Kierująca jest ślepa i głucha, młody to wariat bo poleciał przez skrzyżowanie jak koń z klapkami na oczach. Trochę szczęścia i byśmy mieli filmik na harda
Pieska szkoda:(
I bardzo k***a dobrze... Już serdecznie dość mam psów biegających luzem po osiedlu, srających gdzie się da, szczających gdzie się da.

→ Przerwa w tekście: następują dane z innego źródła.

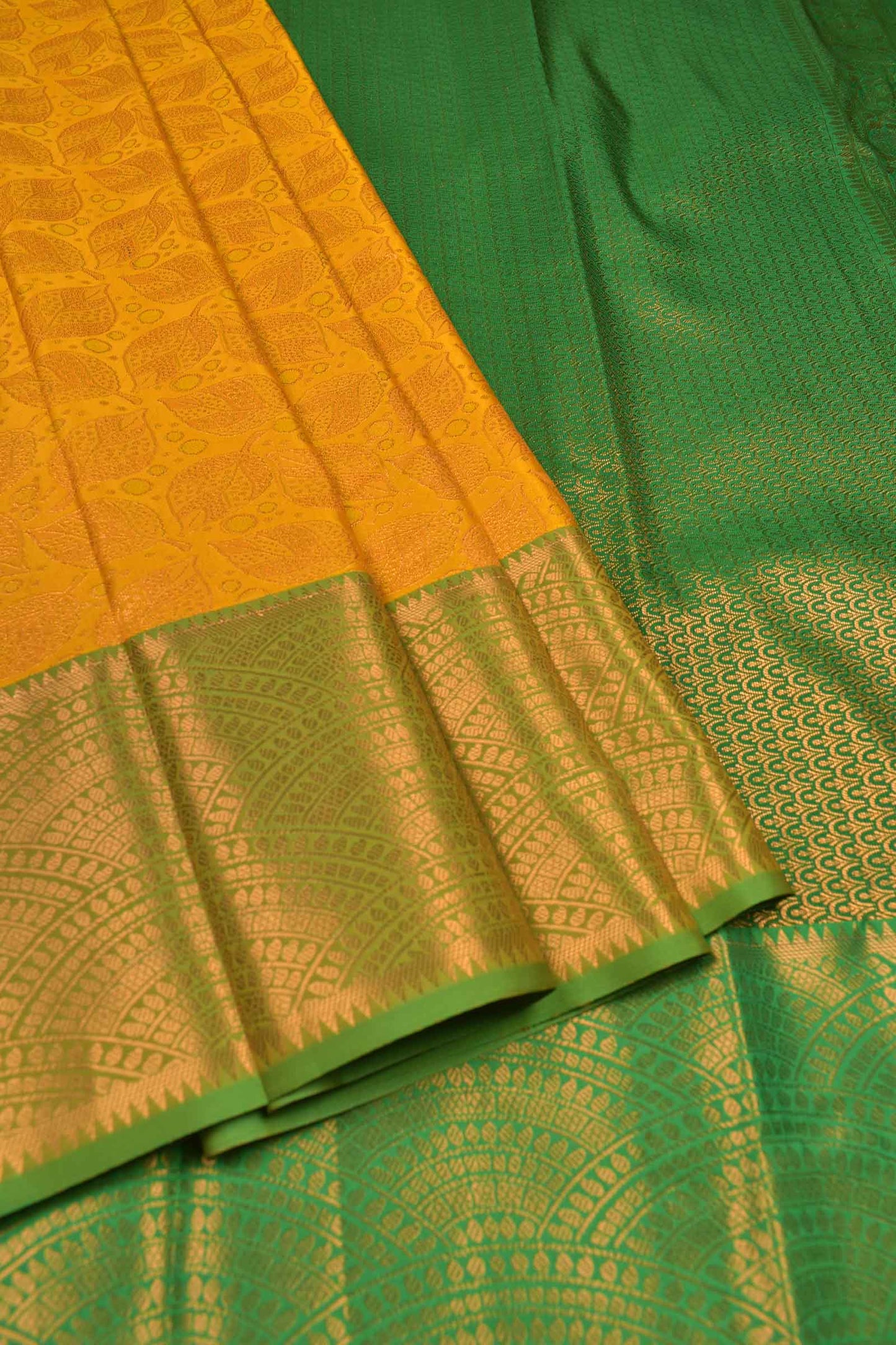 Golden Yellow Semi Silk All Over Leaves Design Fancy Green Border Saree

Ale żeby nie było, że nie kocham małych piesków: srel, czy tam starzy srela powinni zapoznać się z mandatem za spowodowanie zagrożenia w ruchu drogowym i drugi za narażenie życia PUPILA.
Smutno mi się zrobiło, ale fakt jest taki, że psy prowadza się na smyczy i jeśli pies jest w stanie zrobić krzywdę innym ludziom czy zwierzętom również w kagańcu.
No i czego gnojek tak wierzga?
a) Będzie wpie**ol w domu.
b) Kochał pieska (i dlatego pozwalał mu cieszyć się wolnością bez smyczy)
c) Nie będzie obiadu (wersja Chińska - padły zwierzak nie smakuje)
kierujący dobrze wiedział, ze przejechał sierściucha. Ale co w takim wypadku miał zrobić? Wyć z dzieciakiem? Zakopać? Jeszcze wpie**ol od rodzica dostać mimo, że nie zawinił nic. Też bym sp***alał, chyba, że wcześniej zj***ć dzieciaka, ale jak widać ten kare juz ma. ch*jowa sytuacja dla wszystkich. Najbardziej dla psa.